Having established the significance of the metaphors employed in this emergent discourse of waste and sustainability, MacDuffie turns to ‘Unsustainable Fictions’, and offers very compelling close readings of the ways in which energy was fictionalised in the works of Dickens, Ruskin, Stevenson, Conrad, and Wells. The Court of Chancery sits at the heart of a vast network of resource extraction and dispersal in Bleak House, and the individual stories of energy expenditure that unfold around it demonstrate the inevitable personal and environmental costs of utilising energy. At the outset of the novel, the undifferentiated multitude of humanity is held to be inextricably bound up with waste and universally responsible for environmental degradation; however, a gradual shift in Dickens’s representation of energy throughout leads to the more reassuring conclusion that the energy expended by the characters can be separated into wasteful and non-wasteful varieties. Our Mutual Friend, appearing ten years later, explores the possible reclamation of the waste products found in the dust heaps and the River Thames, while revealing the ways in which these wasted energy forms drain even more energy from the bodies struggling to salvage them. For Dickens, collective fantasies of urban recycling and energy transformation ultimately obscure the ‘stubborn, unregenerate materiality of pollution’ (130). While Dickens is intent on connecting London to the ‘entropic underside’ (144) it would otherwise conceal or deny, Ruskin’s works are more radically thermodynamic in drawing on a complex network of relationships that extends beyond any local centre of order to include the ‘entire economic organisation of the nation’ (145).
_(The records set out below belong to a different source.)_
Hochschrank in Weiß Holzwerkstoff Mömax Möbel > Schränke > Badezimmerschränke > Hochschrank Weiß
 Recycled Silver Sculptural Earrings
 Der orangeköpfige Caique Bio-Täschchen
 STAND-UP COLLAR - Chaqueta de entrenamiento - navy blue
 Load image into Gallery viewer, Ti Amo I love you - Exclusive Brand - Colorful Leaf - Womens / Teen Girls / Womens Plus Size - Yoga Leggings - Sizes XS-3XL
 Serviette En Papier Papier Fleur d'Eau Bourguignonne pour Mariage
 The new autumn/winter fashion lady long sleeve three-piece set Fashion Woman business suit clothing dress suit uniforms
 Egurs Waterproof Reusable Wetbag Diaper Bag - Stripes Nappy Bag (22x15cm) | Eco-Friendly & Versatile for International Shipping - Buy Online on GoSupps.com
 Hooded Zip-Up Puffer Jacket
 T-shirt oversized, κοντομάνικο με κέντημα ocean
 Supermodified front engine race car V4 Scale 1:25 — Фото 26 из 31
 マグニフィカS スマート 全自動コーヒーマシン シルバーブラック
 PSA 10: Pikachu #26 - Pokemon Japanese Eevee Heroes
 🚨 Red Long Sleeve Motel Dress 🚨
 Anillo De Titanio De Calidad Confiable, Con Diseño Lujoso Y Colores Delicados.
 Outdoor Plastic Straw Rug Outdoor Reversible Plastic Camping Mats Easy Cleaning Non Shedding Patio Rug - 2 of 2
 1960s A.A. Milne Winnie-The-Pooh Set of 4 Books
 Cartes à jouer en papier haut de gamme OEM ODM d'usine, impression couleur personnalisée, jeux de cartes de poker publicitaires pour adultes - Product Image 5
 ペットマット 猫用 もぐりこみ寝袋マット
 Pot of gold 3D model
Robert Louis Stevenson offers an individual case study of thermodynamic transformation in Dr. Jekyll and Mr. Hyde, in which the two alter egos are differentiated as distinct forms of energy, and transformation between the two exacts a mounting psychic, social, and physical toll upon both. Joseph Conrad employs the language of resource depletion in an imperialist context in which the concepts of energy and capital are conflated so that the energetic modern city exploits the wealth and resources of apparently wasteful and indolent Third World economies in a ‘relationship of dependency characterized by rapacity and exhaustion’ (222). The dynamics of exploitation and energy loss are expounded by H.G. Wells in the context of the evolutionary future in story of the Morlocks and Eloi in The Time Machine, before the decline of the species is once again aligned with the death of the sun and the end of the cosmos at the end of the novel. Such thermodynamic narratives, MacDuffie makes clear, are a timely testament not to a linear narrative of demystification and the perfect apprehension of resource waste and energy loss throughout the nineteenth and twentieth centuries, but rather to the continual prism of perspectives through which the realities of energy consumption and exploitation were, as they are now, both revealed and obscured.